Nationalist agitation against economic disparities, often stimulated by acts of racial discrimination by British settlers, was particularly strong in India (see Indian National Congress) and in parts of Africa. Although loath to lessen its hold over countries it had done much to develop, and thereby to incur great economic and political loss, Britain gradually capitulated to the pressures of nationalist sentiment. Iraq gained full sovereignty in 1932; British privileges in Egypt were modified by treaty in 1936; and concessions were made toward self-government in India and later in the African colonies.
In 1931 the Statute of Westminster officially recognized the independent and equal status under the crown of the former dominions within a British Commonwealth of Nations, thus marking the advent of free cooperation among equal partners. After World War II self-government advanced rapidly in all parts of the empire. In 1947, India was partitioned and independence granted to the new states of India and Pakistan. In 1948 the mandate over Palestine was relinquished, and Burma (Myanmar) gained independence as a republic. Other parts of the empire, notably in Africa, gained independence and subsequently joined the Commonwealth. In 1997 Hong Kong passed to China and, in the opinion of many historians, the British Empire definitively ended.

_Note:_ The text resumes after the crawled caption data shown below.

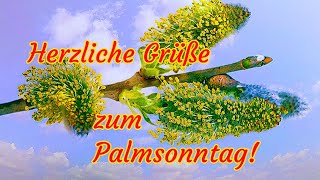 Einen Schönen Palmsonntag💐🌿 Herzliche Grüße zum Palmsonntag💖 Palmsonntag 2024🌷 Grüße für Dich💕 [upl. by Alleynad]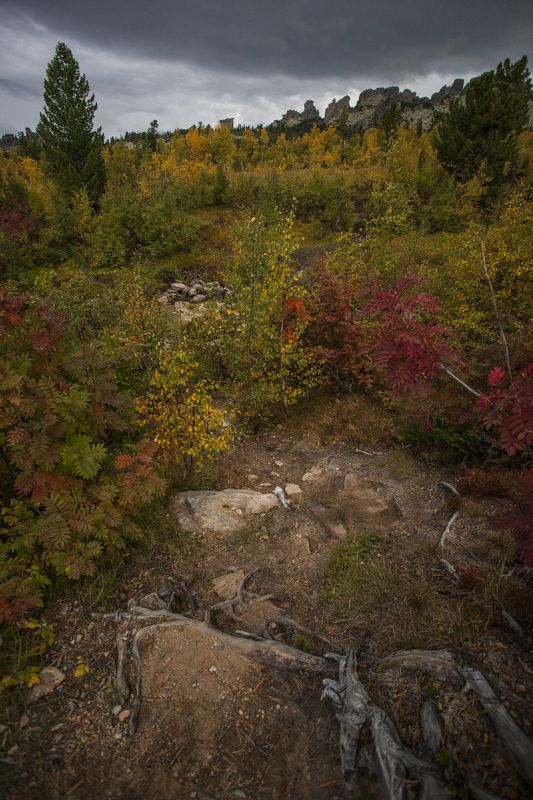 осень, пейзаж, природа Золотая фото превью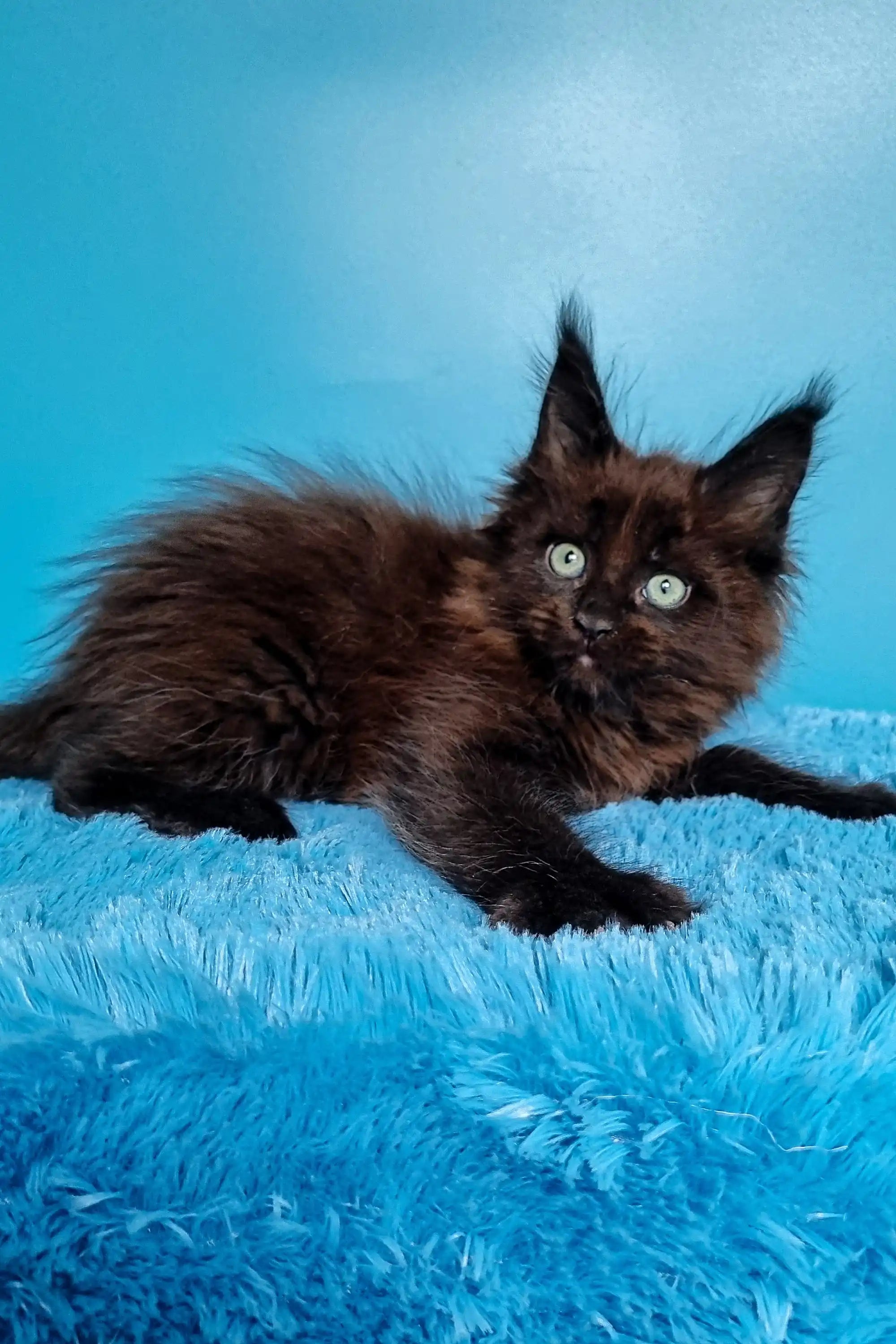 Maine Coon Kittens for Sale Jordana | Kitten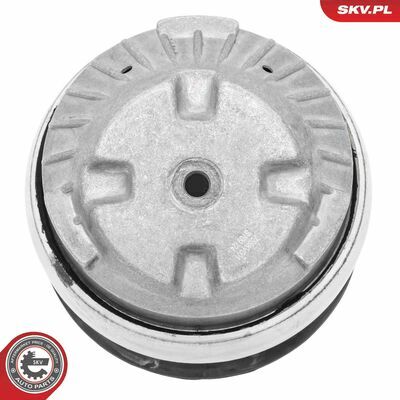 75SKV001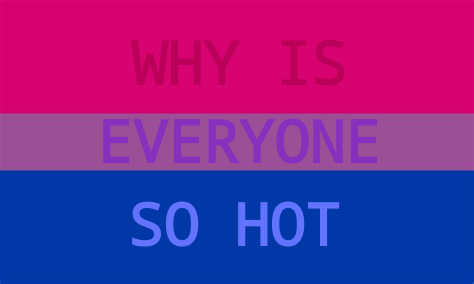Bisexual flag with '' why is everyone so hot '' written on it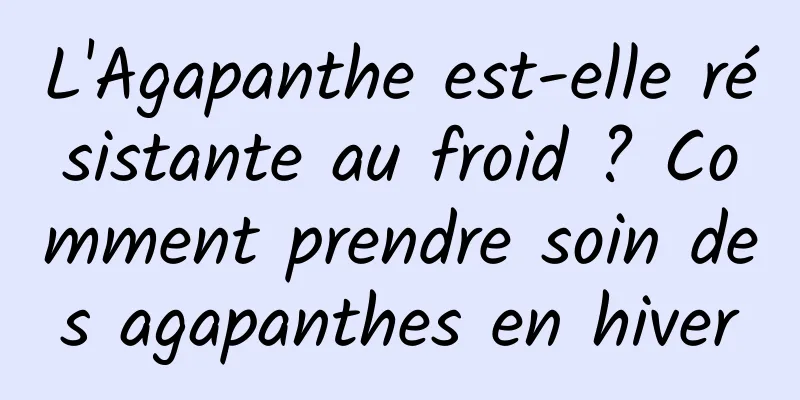 L'Agapanthe est-elle résistante au froid ? Comment prendre soin des agapanthes en hiver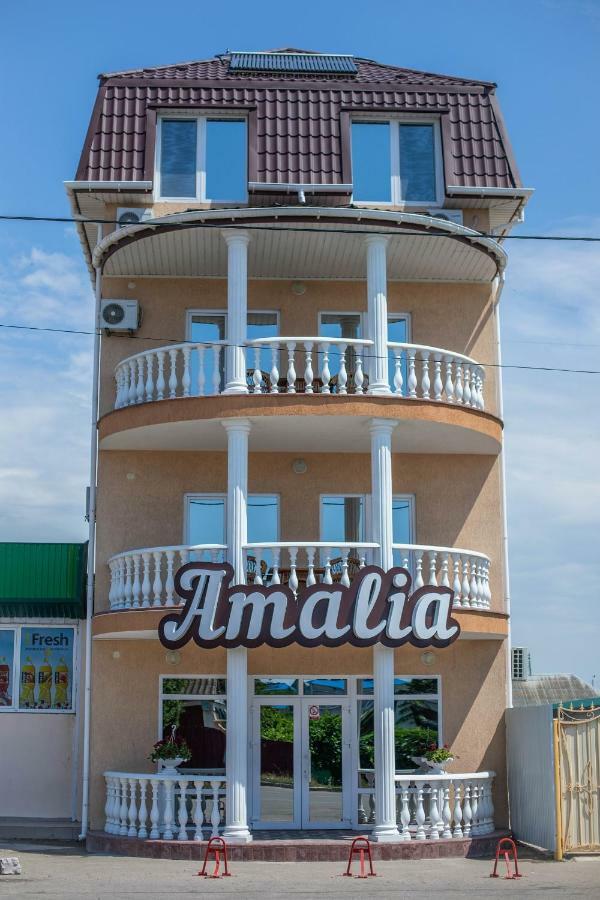 Amalia Hotel Zaliznij Port Kültér fotó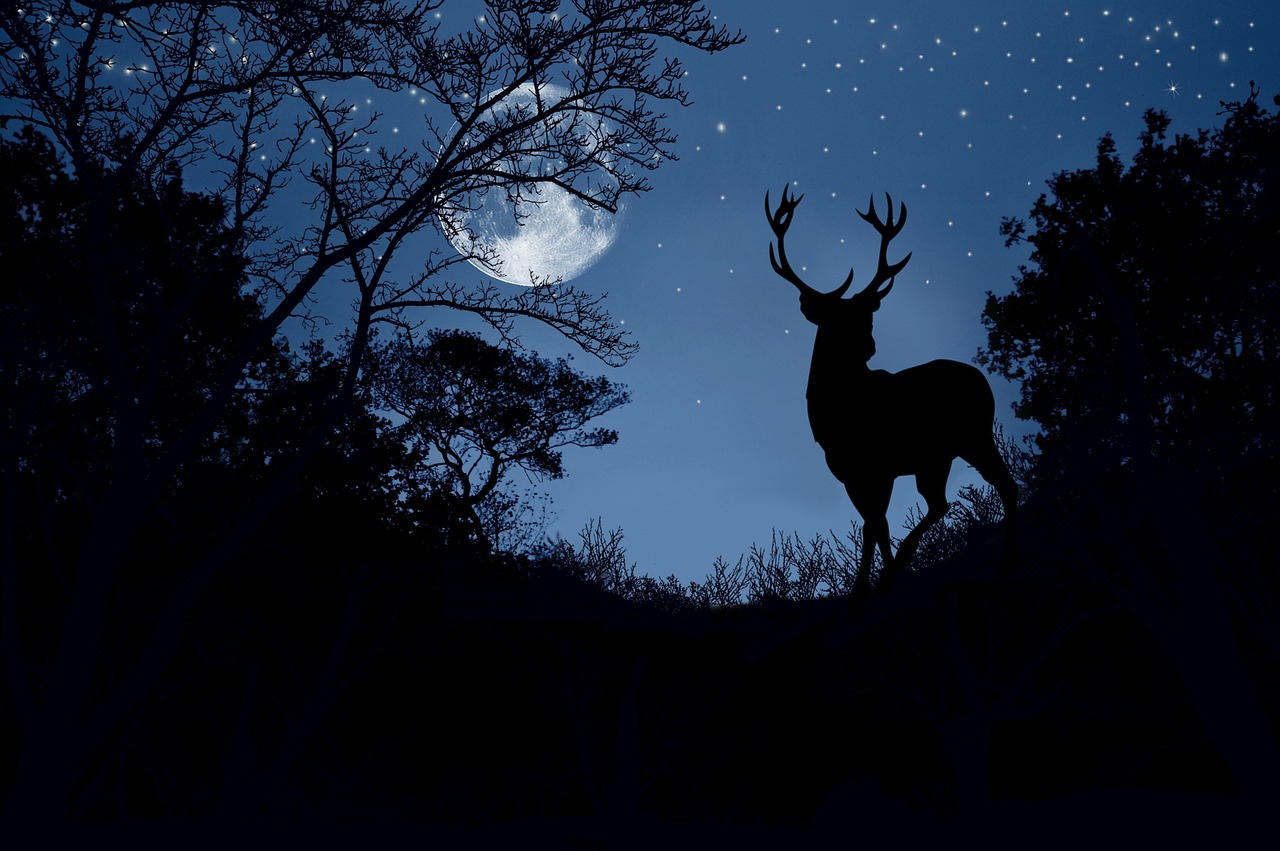 Vivre le brame du cerf en Bivouac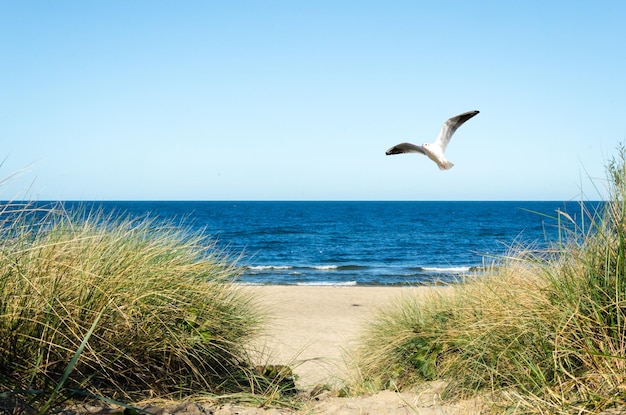 Mewa latająca nad plażą na czystym niebie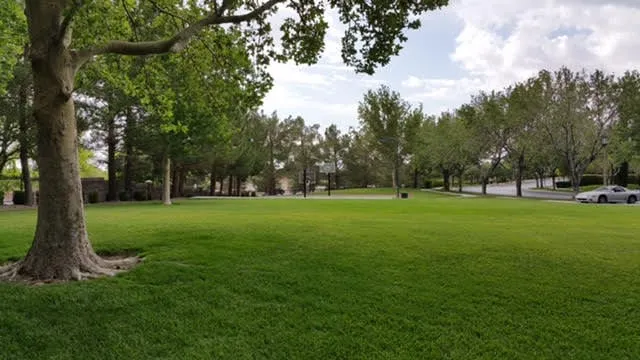 Custom garden landscaping in Las Vegas, NV - U.S. Landscape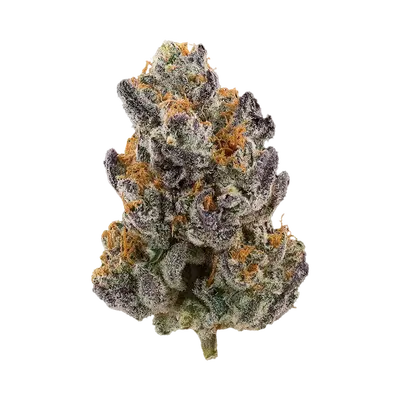 Rick Jamez by Sexual Chocolate Factory cannabis strain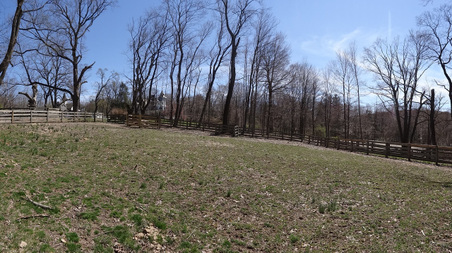 Enlarge photo 64
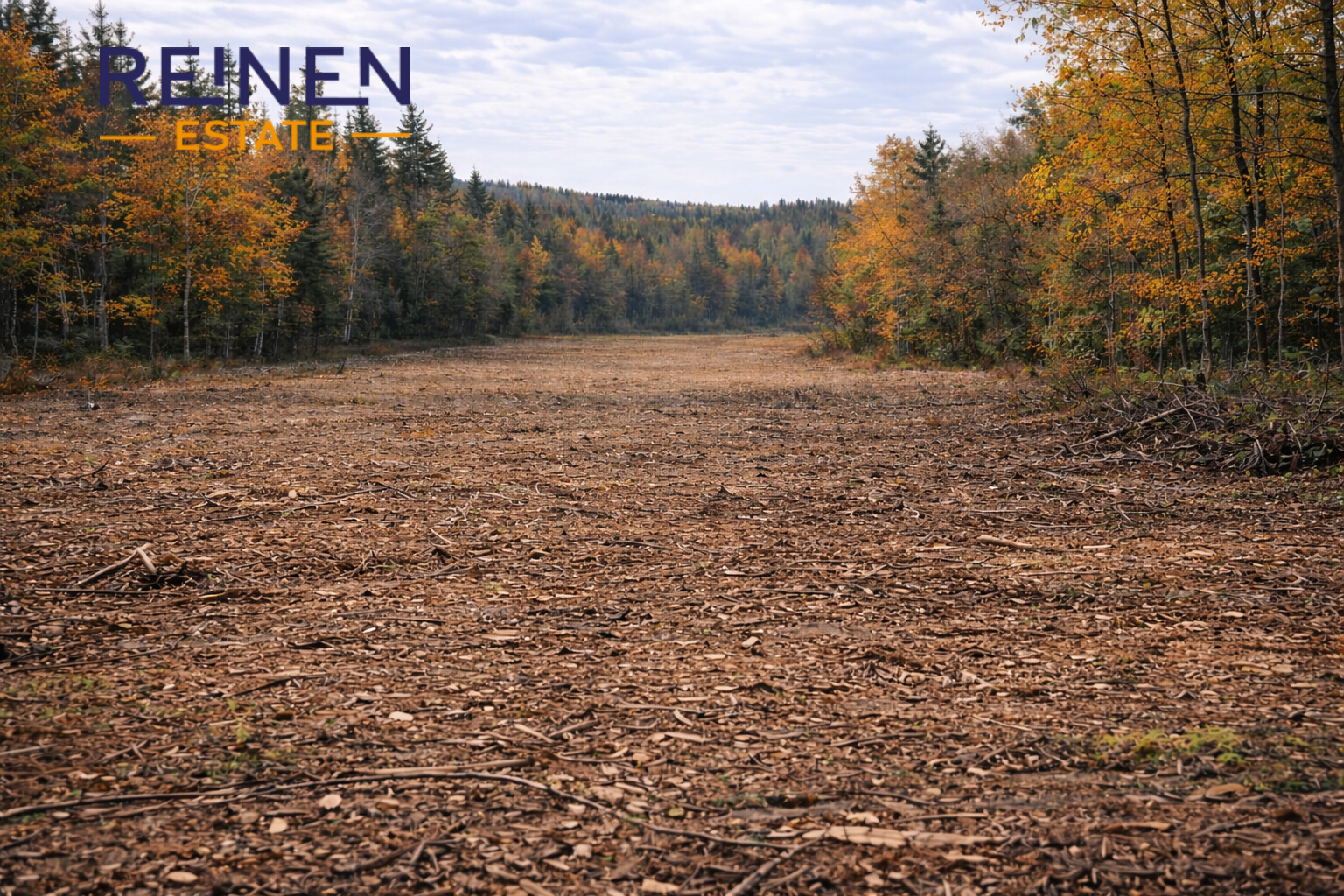 Prodej lesního pozemku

While the empire may have faded into history, Great Britain still continues to administer many dependencies throughout the world. They include Gibraltar in the Mediterranean; the Falkland Islands, South Georgia, the South Sandwich Islands, and St. Helena (including Ascension and Tristan da Cunha) in the South Atlantic; Anguilla, Bermuda, the British Virgin Islands, the Cayman Islands, Montserrat, and the Turks and Caicos Islands in the West Indies; and Pitcairn Island in the Pacific. These dependencies have varying degrees of self-government. In 1982 Britain clashed with Argentina over the Falkland Islands, retaking them by force after Argentina, which also claims them, had invaded and seized the islands.
See The Cambridge History of the British Empire (8 vol., 1929–1963); R. A. Huttenback, The British Imperial Experience (1966); J. A. Williamson, A Short History of British Expansion (2 vol., 6th ed. 1967); C. E. Carrington, The British Overseas (2d ed. 1968); C. Cross, The Fall of the British Empire (1968); G. S. Graham, A Concise History of the British Empire (1970); C. Barnett, The Collapse of British Power (1972); T. O. Lloyd, The British Empire, 1558–1982 (1984); A. Clayton, The British Empire as a Superpower, 1919–1939 (1986); A. J. Christopher, The British Empire at Its Zenith (1988); P. J. Cain and A. G. Hopkins, British Imperialism, 1688–2000 (rev. ed. 2003); N. Ferguson, Empire (2003); S. Schama, A History of Britain: The Fate of Empire, 1776–2000 (2003); P. Clarke, The Last Thousand Days of the British Empire (2008); P. Brendon, The Decline and Fall of the British Empire 1781–1997 (2008); J. Darwin, The Empire Project (2009) and Unfinished Empire: The Global Expansion of Britain (2013).